> _Provided data_
= = = = =
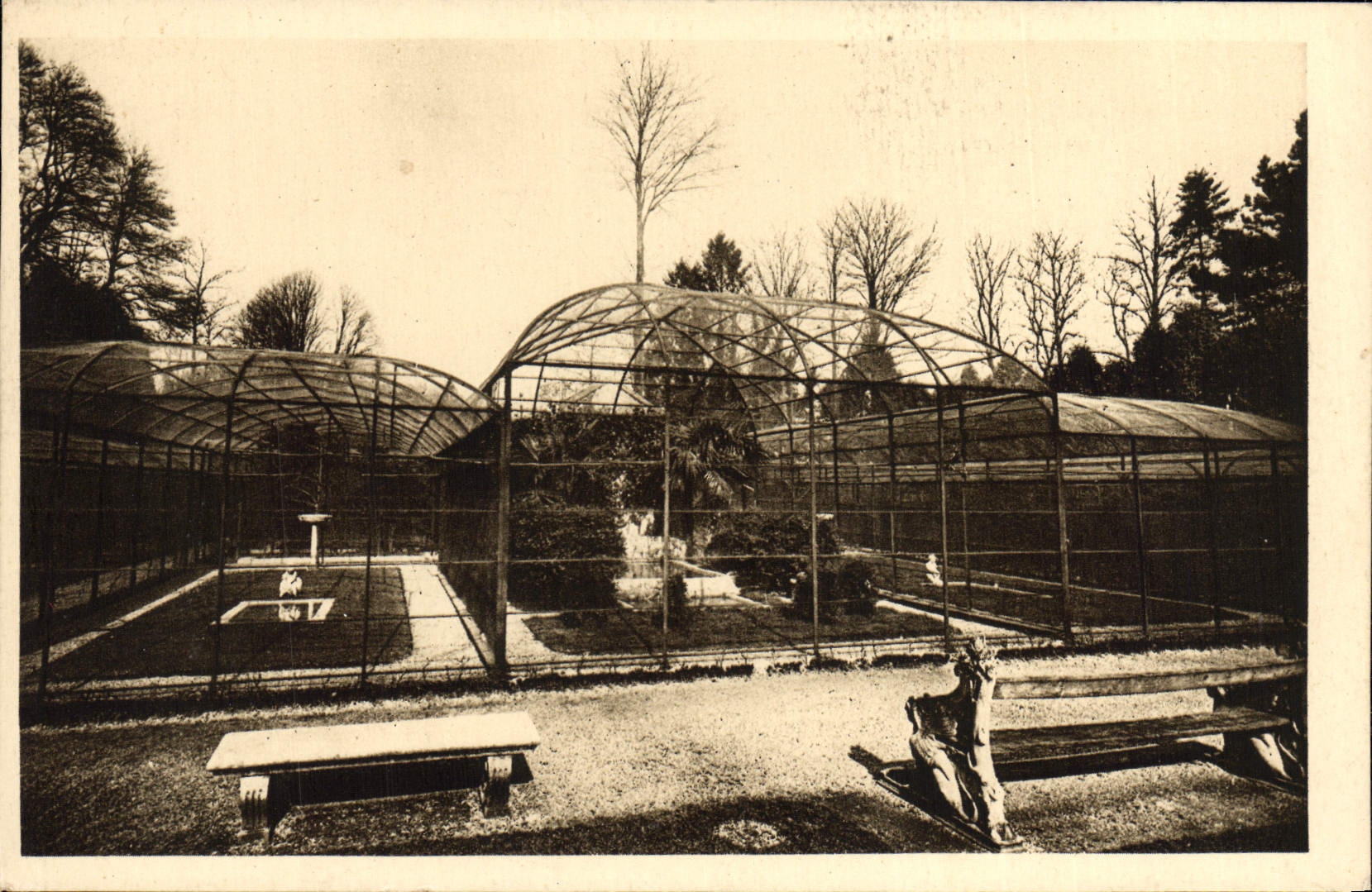 VINTAGE POSTCARD Zoological gardens of Cleres the birdcages Zoo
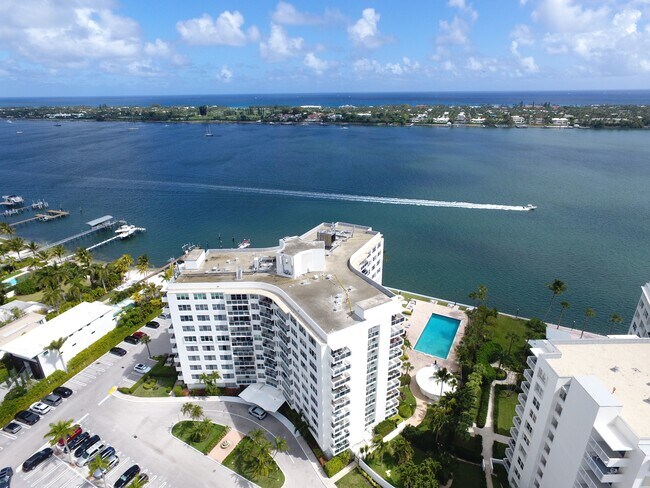 2800 N Flagler Dr in West Palm Beach, FL - Building Photo - Building Photo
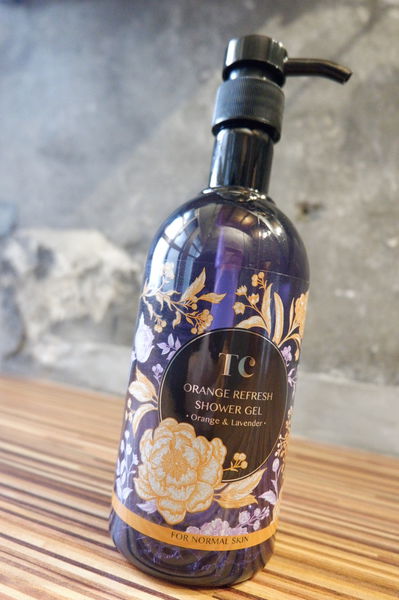 【好物推薦】SPA植萃頭皮洗髮精系列-咖啡因防落洗髮精、麥蛋白染燙洗髮精 / SPA植萃香水沐浴系列-香橙清爽沐浴露 @貝大小姐的多元心宇宙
= = = = =
> _Problem details_
Copy every line above exactly, leaving no picture in the copy.

> _Result_
 VINTAGE POSTCARD Zoological gardens of Cleres the birdcages Zoo
 2800 N Flagler Dr in West Palm Beach, FL - Building Photo - Building Photo
 【好物推薦】SPA植萃頭皮洗髮精系列-咖啡因防落洗髮精、麥蛋白染燙洗髮精 / SPA植萃香水沐浴系列-香橙清爽沐浴露 @貝大小姐的多元心宇宙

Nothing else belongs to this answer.